São duas vidas que seguem entrelaçadas, mesmo a distância. De um lado a iniciação sexual; por outro, o menino que cresce, estuda, entra para a Faculdade de Direito e acompanha o julgamento tardio de pessoas que teriam trabalhado nos campos de extermínio. Num aspecto, é a Alemanha purgando-se dos próprios pecados. Em outro, o menino, que nada tem a ver com tudo aquilo, pois não tinha idade para ter participado do que quer que fosse durante a guerra, vendo-se atingido pela infâmia, ainda que indiretamente. Como se a culpa fosse um patrimônio coletivo às avessas, uma espécie de pecado original que as novas gerações herdam das antecessoras.
O interessante é a maneira como Daldry costura temas tão diversos: o sexo entre idades diferentes, os ecos do nazismo, a leitura e o analfabetismo.
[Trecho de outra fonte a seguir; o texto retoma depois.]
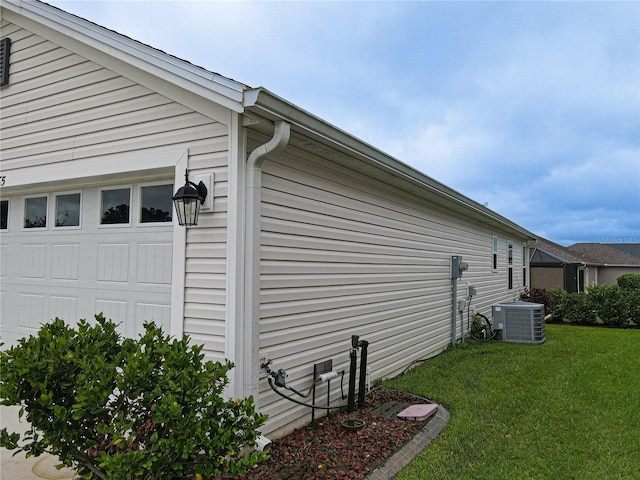 view of property exterior featuring a yard and central AC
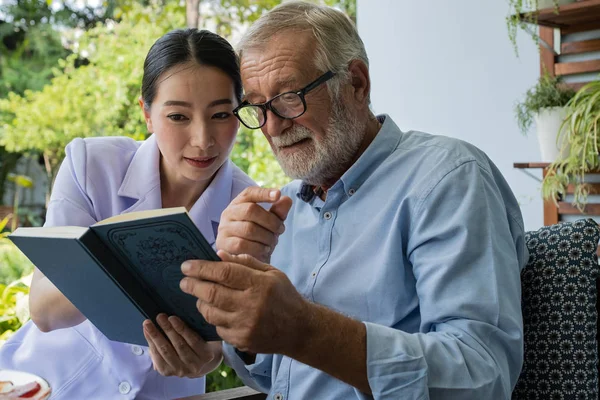Senior man geluk met lachende verpleegster, leesboek samen bij b — Stockfoto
Mais ainda: ao entrar no centro da história, no tema delicado do extermínio dos judeus, evita o que é o lugar-comum nesse tipo de história. Esses clichês se resumem em duas atitudes complementares. Por um lado, tratar seus agentes como monstros incompreensíveis, praticamente exteriores à condição humana; por outro, aceitar a desculpa de que apenas cumpriam ordens, como fizeram alguns carrascos nazistas sob julgamento. Eles não tinham culpa de nada porque as ordens sempre vinham de uma instância superior. Cabia a eles cumpri-las e ponto. Não. Daldry restabelece aqui a margem da responsabilidade moral e das opções pessoais, possíveis mesmo em situações-limite.
O Leitor é a soma de todas essas características, uma mistura, diga-se, nem sempre bem balanceada entre a dureza do tema e um certo tom ameno da realização. Ou seja, não é um filme perfeito, longe disso. Mas, tudo considerado, é muito acima da média e revela Kate Winslet como atriz capaz de nuances e intensidade - o que bem pode lhe valer a premiação da Academia. O Leitor também concorre nas categorias de melhor filme, direção, roteiro adaptado e fotografia. A história baseia-se no romance homônimo de Bernhard Schlink, lançado aqui pela Record.